I'm wondering, is Dynamic Application Registration really Smart?


Thursday, August 10, 2017

Measuring Interoperability

One of the challenges facing ONC for more than the past decade has been measuring interoperability (yes, ONC has been around for  that long).  One of the responsibilities of the National Coordinator in the original order creating the office back in 2004 and continuing on to this day is to "include measurable outcome goals".

These are some things that one might consider measuring with regard to Interoperability:

  • Reductions in costs of care attributable to presence of absence of Interoperability
  • Application support for Interoperability Standards and APIs
  • Transmissions of Interoperable Information
  • Speed of Uptake of Interoperable Solutions
However, not all of these are "Outcomes".  They represent three different kinds of measures, and then something special.  Cost reduction is clearly an outcome. Application support is a capability measurement. Transmissions of information is a process measurement.  Speed of uptake I'll talk more about at the end of the post.

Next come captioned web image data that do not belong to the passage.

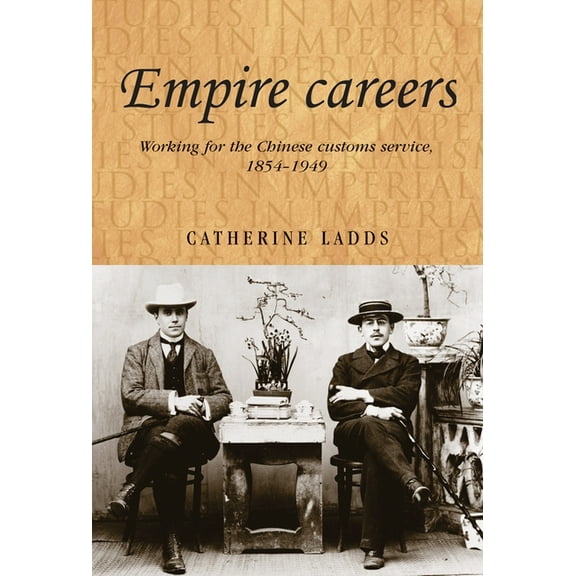 Studies in Imperialism Empire Careers: Working for the Chinese Customs Service, 1854-1949, Book 100, (Paperback)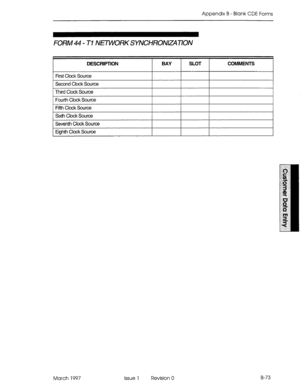 Page 345Appendix B - Blank CDE Forms 
FORM 44 - Tl N~ORKSYNCHRONEATION 
DESCRIPTION BAY SLOT COMMENTS 
First Clock Source 
I. I I 
Second Clock Source 
Third Clock Source 
, , 
Fourth Clock Source 
I I I 
Fifth Clock Source 
Sixth Clock Source 
Seventh Clock Source 
I I I 
Eighth Clock Source 
March 1997 Issue 1 Revision 0 B-73  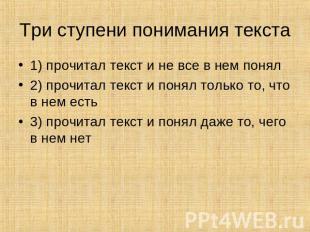 Три ступени понимания текста 1) прочитал текст и не все в нем понял2) прочитал т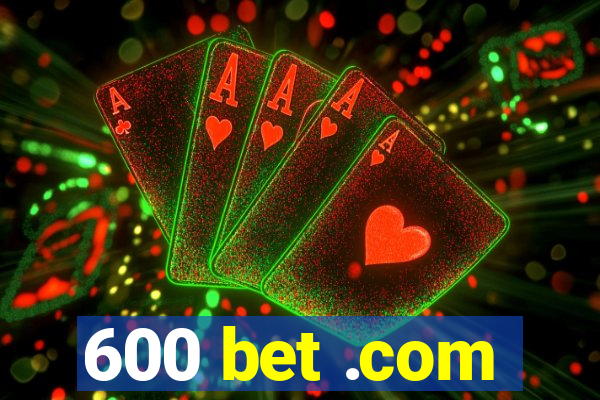 600 bet .com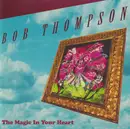 CD - Bob Thompson - The Magic In Your Heart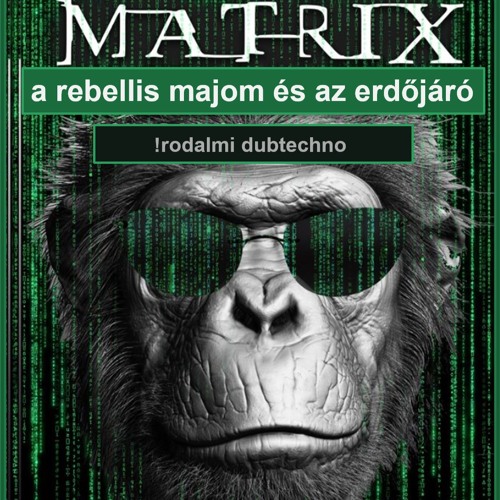 A matrix, a rebellis majom és az erdőjáró :: !rodalmi DubTechno-Toma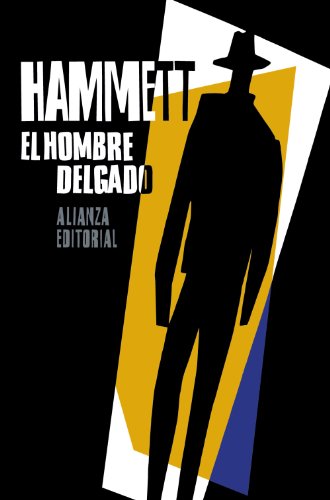 Stock image for EL HOMBRE DELGADO. for sale by KALAMO LIBROS, S.L.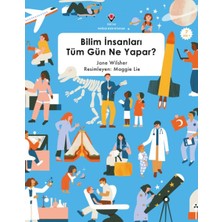 Tübitak Yayınları Bilim Insanları Tüm Gün Ne Yapar ?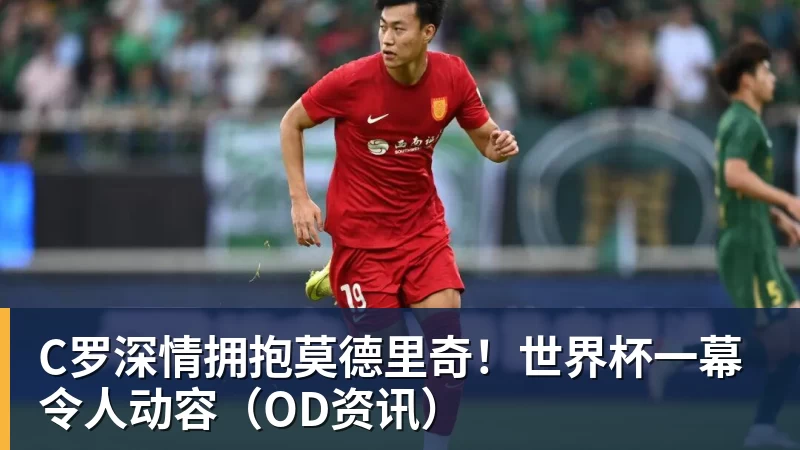 C罗深情拥抱莫德里奇！世界杯一幕令人动容（OD资讯）
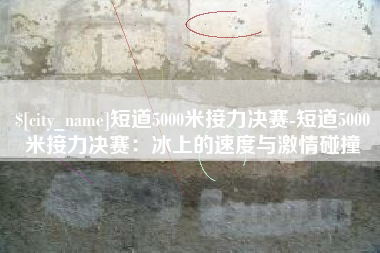 曲靖短道5000米接力决赛-短道5000米接力决赛：冰上的速度与激情碰撞
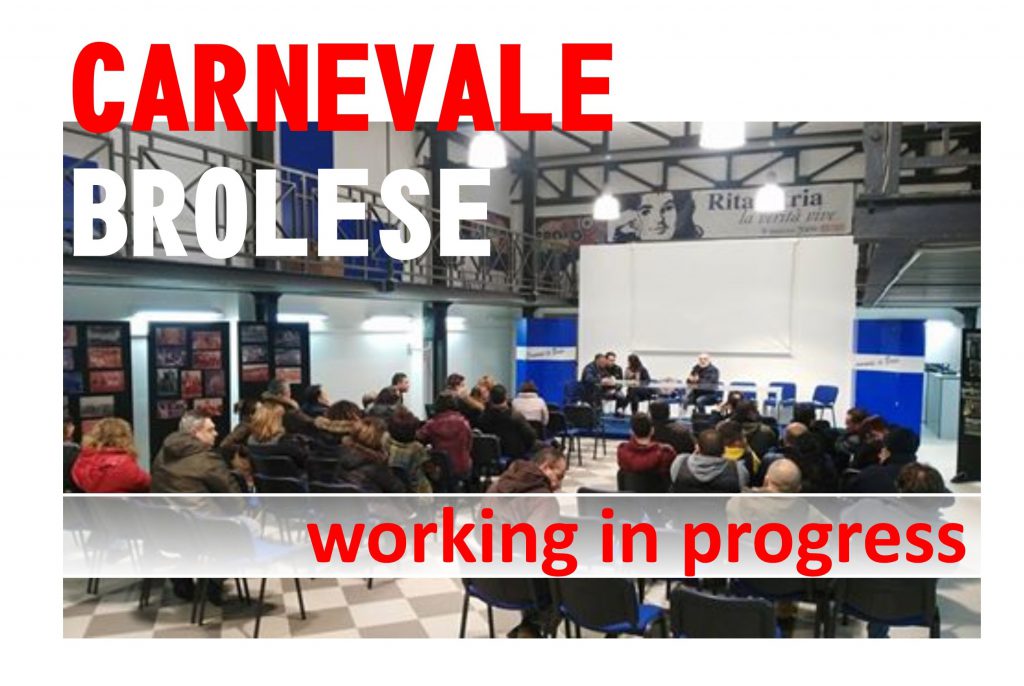 CARNEVALE BROLESE 2017 – Working in Progress. E dopo la riunione di questa sera se ne sa di più sul programma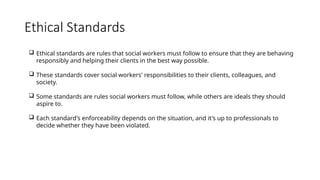 Ethical Standards
 Ethical standards are rules that social workers must follow to ensure that they are behaving
responsibly and helping their clients in the best way possible.
 These standards cover social workers' responsibilities to their clients, colleagues, and
society.
 Some standards are rules social workers must follow, while others are ideals they should
aspire to.
 Each standard's enforceability depends on the situation, and it's up to professionals to
decide whether they have been violated.
 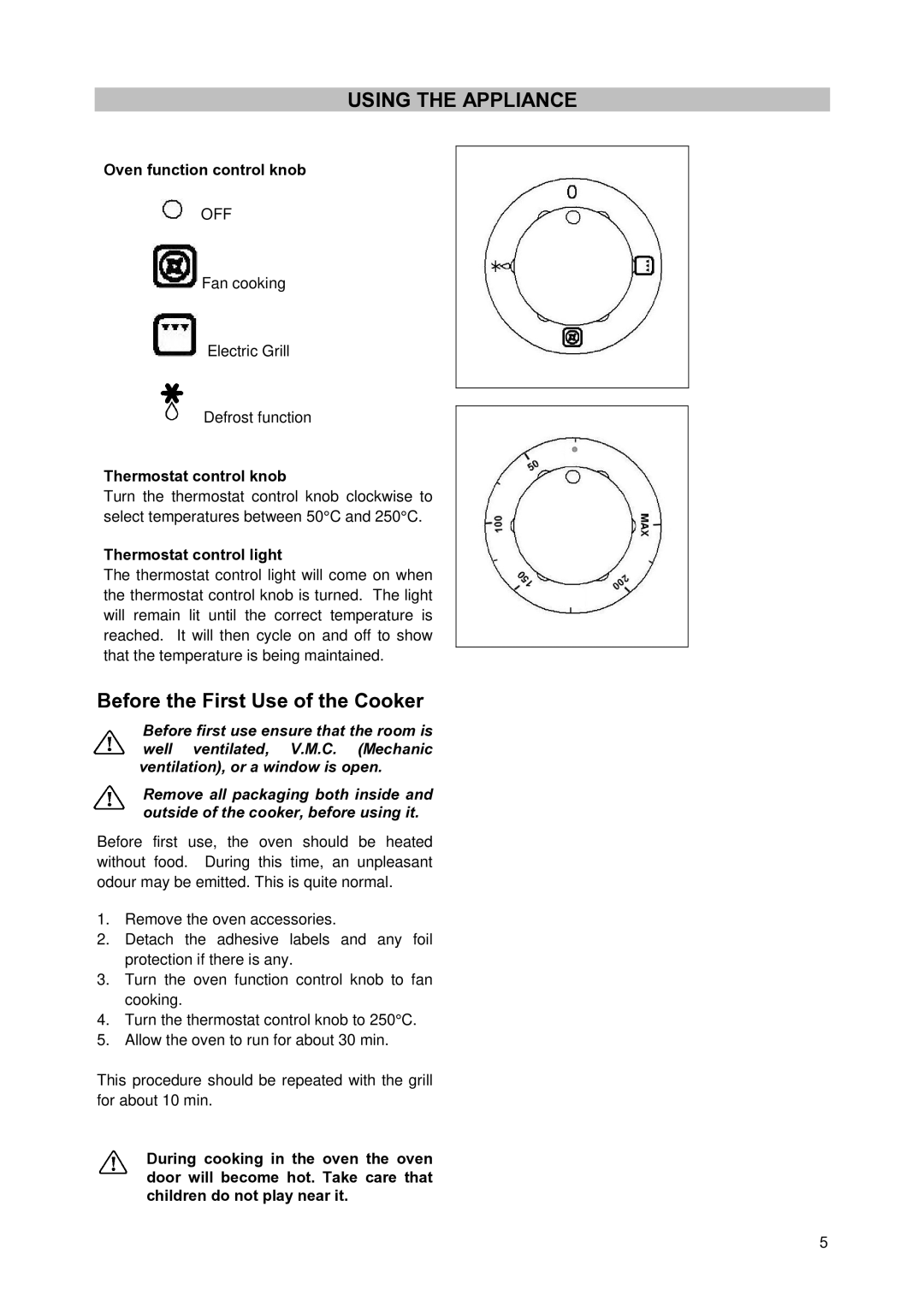 Zanussi ZCM900X manual Using the Appliance, Oven function control knob, Thermostat control knob, Thermostat control light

There really is no definitive or easy way to put a $ figure on the ROI of interoperability in healthcare without spending a great deal of time.  It takes a well designed study which can show before and after effects of an interoperability based intervention.  And it isn't clear how much of the $ saving could be attributed to technology, vs. other process changes involved that use that technology.  Yet, among the above, that's in fact the only outcome measure listed.

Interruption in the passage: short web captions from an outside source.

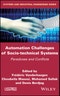 Automation Challenges of Socio-technical Systems. Paradoxes and Conflicts. Edition No. 1 - Product Thumbnail Image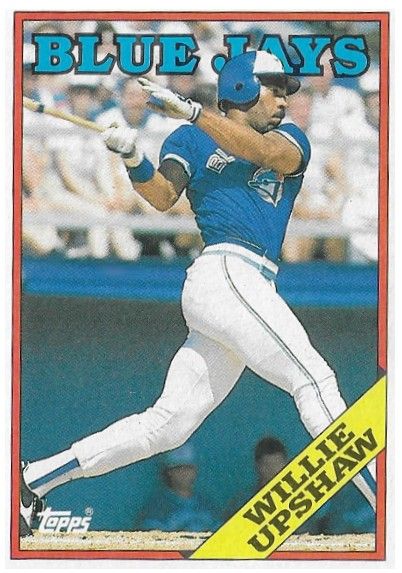 Upshaw, Willie / 1988 Toronto Blue Jays / Topps #505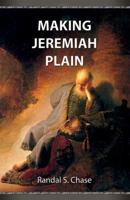 Making Jeremiah Plain: An Old Testament Study Guide for the Book of Jeremiah 1937901157 Book Cover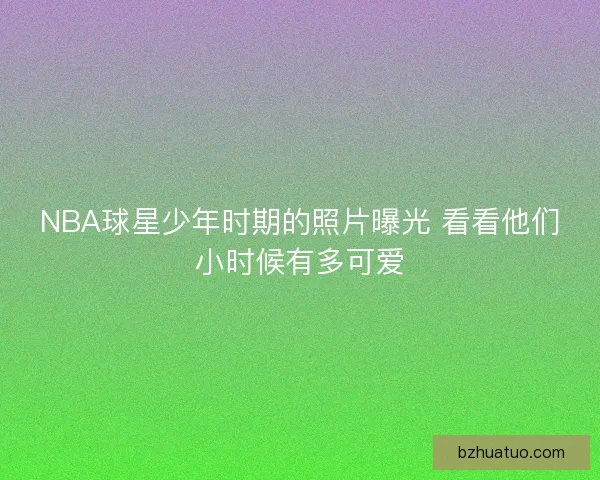 NBA球星少年时期的照片曝光 看看他们小时候有多可爱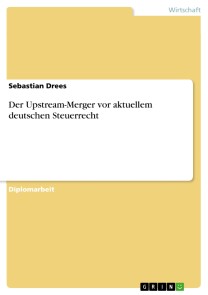 Der Upstream-Merger vor aktuellem deutschen Steuerrecht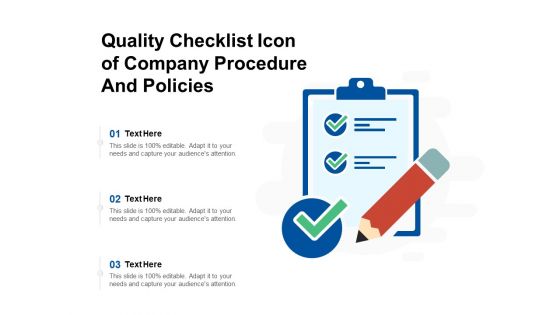 Quality Checklist Icon Of Company Procedure And Policies Ppt PowerPoint Presentation Backgrounds PDF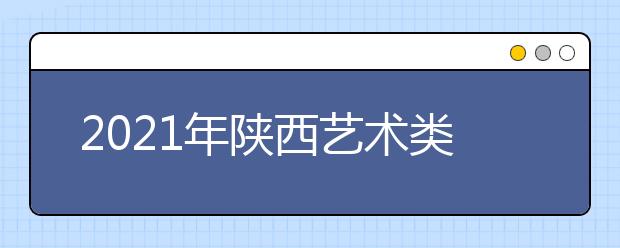 2021年陕西艺术类专业招生考试报名时间安排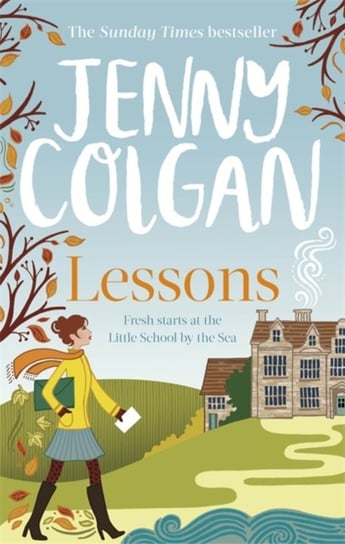 Lessons: Just like Malory Towers for grown ups Colgan Jenny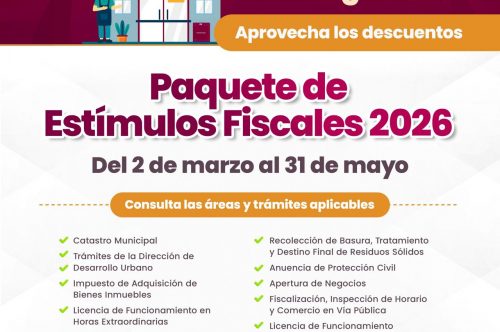¡Aprovecha el Paquete de Estímulos Fiscales 2026!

Application support for standards and APIs is a capability measure.  We can definitively show that applications have more interoperability capabilities than they have.  But we don't have good evidence linking that capability to outcomes.

Transmissions of interoperable information is something where we are actually measuring a process. For example, in ePrescribing, we are measuring the number of prescriptions sent electronically.  We also have some good studies linking that process to improved outcomes, but it's not a direct measure of outcomes.

Finally, the speed of uptake.  This is an interesting measure.  It shows something about capability, in that it demonstrates availability of a particular capability.  But is also demonstrates an outcome, one related to ease of use.  If we look at the ease of uptake and flexibility of HL7 Version 2, HL7 CDA, HL7 Version 3, IHE XD*, and HL7 FHIR, we can get a pretty good understanding of the complexity of the various standards.  

As we embark next week in discussions about fitness for purpose, this is what I would consider to be an "outcome measure" for success in standards selection.  Ease of uptake directly relates to products with interoperable capabilities in products, interoperable processes that can be delivered upon, and real cost reductions in implementation of Health IT solutions.

As we look at "Fitness for Purpose", I think we need to consider "adoptability" as one of the key metrics to consider.  That means that the standard needs to be readily available, easily understood and implemented.  It's a tall order for a standard to meet, and hard to tell how to get there, but I can say this: You'll know it when you see it, and it doesn't happen by accident or intention alone, but more like a bit of both.